民法では,錯誤(平たく言うと,勘違いのことです。)があった場合,その意思表示は無効となると規定されており,相続放棄の場合にも,錯誤により相続放棄の申述をしたのであれば無効になります。
 相続放棄の申述をする場合,その結果自分が被相続人の権利義務を一切承継しないことは分かっているので,その点について錯誤があるというケースは考えにくいです。
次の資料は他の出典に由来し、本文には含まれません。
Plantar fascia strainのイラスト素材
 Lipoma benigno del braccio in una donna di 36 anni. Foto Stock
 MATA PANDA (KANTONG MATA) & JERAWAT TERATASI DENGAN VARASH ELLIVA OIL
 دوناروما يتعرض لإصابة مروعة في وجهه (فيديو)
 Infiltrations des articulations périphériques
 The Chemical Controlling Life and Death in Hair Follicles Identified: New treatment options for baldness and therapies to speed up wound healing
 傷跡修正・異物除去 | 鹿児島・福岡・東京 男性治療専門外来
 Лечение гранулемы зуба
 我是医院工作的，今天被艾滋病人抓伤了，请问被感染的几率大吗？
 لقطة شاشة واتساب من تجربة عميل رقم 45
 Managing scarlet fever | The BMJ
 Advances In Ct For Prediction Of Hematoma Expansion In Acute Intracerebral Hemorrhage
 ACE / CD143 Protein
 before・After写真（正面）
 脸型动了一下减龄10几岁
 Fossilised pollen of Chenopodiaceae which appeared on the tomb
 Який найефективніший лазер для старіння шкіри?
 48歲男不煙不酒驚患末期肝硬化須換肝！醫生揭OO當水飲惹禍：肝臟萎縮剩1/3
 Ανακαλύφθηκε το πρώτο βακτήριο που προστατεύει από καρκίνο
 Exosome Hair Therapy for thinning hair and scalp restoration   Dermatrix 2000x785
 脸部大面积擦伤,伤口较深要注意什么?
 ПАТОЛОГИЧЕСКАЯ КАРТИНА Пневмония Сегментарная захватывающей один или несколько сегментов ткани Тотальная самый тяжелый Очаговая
 しかし,相続放棄をするに至った動機について錯誤があるという場合は多々あるでしょう。この事例でも,Cさんが相続放棄をしたら相続人は誰になるかという,相続放棄の動機について錯誤があります。過去の判例では,誰が相続人になるかという問題は相続放棄者にとって重要なものであり,このような動機が相続放棄の手続において表示され,それにより,受理裁判所はもとより,当該相続放棄の結果反射的に影響を受ける利害関係者にも知り得べき客観的な状況が作出されている場合には,表示された動機にかかる錯誤として,民法95条により当該放棄の無効が認められるとされています。(東京高判昭和63年4月25日)
この事例では,Cさんが兄に相続させるために放棄をしたという動機が申述で示されており,無効が認められるでしょう。
 相続放棄の無効を主張したい場合には,家庭裁判所に申述するのではなく,別途訴訟で争うことになります。具体的には,相続放棄の無効を前提として,財産を取得した人に対し,遺産分割協議のやり直しを求める請求や,取得した財産について不当利得返還請求をする形になります。

4 まとめ

 今回は,相続放棄の撤回,取消し,無効についてご説明しました。相続放棄をした経緯によっては,取消しや無効が認められることもあります。そして,一旦放棄した相続の遺産分割協議を求めることも可能です。しかし,この手続をご自身で行うのは困難ですから,相続放棄を取り消したいという場合には,相続放棄について詳しい弁護士に相談しましょう。
 また,相続放棄をするかどうか決める期間は原則として三カ月ですから,急いで決断すると「やっぱり放棄しなければ良かった…。」と後悔することもあります。家庭裁判所に申立てをすれば,期間を伸長することも可能です。少しでも迷っているのなら,弁護士に相談し期間の伸長を行い,後悔のない選択をしましょう。